■ What you should do ■
Where the records below show a line containing "Oto tamir dükkanında", start copying; end with the line containing "TV, pebolim, mesa de pingue-pongue", and copy it too.

■ Listed records ■
BEGIN
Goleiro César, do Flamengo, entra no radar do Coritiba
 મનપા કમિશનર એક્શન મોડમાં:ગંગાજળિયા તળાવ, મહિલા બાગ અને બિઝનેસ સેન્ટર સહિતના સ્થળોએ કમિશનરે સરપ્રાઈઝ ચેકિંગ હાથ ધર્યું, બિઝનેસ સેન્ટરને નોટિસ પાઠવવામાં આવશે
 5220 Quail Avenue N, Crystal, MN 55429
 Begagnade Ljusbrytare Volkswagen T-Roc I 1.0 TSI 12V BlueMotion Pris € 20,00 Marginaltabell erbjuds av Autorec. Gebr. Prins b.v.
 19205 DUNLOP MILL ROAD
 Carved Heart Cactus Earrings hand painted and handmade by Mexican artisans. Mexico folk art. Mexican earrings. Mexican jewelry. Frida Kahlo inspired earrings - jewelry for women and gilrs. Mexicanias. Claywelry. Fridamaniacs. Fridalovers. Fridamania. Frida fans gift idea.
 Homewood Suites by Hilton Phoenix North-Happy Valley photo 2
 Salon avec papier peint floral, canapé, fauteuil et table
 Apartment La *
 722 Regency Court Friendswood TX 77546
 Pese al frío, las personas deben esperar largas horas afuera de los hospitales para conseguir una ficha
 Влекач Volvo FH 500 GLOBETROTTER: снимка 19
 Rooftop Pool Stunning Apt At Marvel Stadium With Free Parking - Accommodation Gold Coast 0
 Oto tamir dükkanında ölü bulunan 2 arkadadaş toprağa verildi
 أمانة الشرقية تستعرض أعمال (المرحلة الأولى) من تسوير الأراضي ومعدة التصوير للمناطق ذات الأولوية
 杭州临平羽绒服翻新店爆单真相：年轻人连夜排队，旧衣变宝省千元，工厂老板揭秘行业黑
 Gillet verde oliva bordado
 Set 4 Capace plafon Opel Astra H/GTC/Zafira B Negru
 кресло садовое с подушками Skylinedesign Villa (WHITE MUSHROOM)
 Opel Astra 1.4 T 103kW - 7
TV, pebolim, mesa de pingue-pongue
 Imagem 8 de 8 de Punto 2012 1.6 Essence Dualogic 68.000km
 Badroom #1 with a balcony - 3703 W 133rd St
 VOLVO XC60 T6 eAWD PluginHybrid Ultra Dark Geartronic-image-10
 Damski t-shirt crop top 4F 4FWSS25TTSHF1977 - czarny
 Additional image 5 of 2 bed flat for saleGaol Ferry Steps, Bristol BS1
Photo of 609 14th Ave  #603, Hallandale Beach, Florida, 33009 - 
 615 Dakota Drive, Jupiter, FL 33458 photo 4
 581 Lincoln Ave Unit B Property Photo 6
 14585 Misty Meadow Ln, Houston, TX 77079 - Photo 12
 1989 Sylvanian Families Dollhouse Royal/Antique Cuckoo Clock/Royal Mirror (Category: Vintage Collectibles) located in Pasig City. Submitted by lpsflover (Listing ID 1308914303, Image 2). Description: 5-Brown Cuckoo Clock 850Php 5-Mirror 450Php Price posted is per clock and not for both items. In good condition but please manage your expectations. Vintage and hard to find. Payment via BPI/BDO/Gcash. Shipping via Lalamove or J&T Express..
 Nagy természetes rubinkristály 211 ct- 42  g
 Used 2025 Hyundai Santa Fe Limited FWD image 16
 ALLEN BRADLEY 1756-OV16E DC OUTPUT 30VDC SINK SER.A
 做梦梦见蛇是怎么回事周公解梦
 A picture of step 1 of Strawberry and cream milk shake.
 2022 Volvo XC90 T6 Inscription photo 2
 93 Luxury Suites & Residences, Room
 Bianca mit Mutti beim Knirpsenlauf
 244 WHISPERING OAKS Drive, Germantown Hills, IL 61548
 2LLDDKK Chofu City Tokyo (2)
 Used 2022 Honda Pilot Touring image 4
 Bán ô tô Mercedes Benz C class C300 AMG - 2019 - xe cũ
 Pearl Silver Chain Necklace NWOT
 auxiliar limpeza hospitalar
END
■ Result of the exercise ■
 Oto tamir dükkanında ölü bulunan 2 arkadadaş toprağa verildi
 أمانة الشرقية تستعرض أعمال (المرحلة الأولى) من تسوير الأراضي ومعدة التصوير للمناطق ذات الأولوية
 杭州临平羽绒服翻新店爆单真相：年轻人连夜排队，旧衣变宝省千元，工厂老板揭秘行业黑
 Gillet verde oliva bordado
 Set 4 Capace plafon Opel Astra H/GTC/Zafira B Negru
 кресло садовое с подушками Skylinedesign Villa (WHITE MUSHROOM)
 Opel Astra 1.4 T 103kW - 7
TV, pebolim, mesa de pingue-pongue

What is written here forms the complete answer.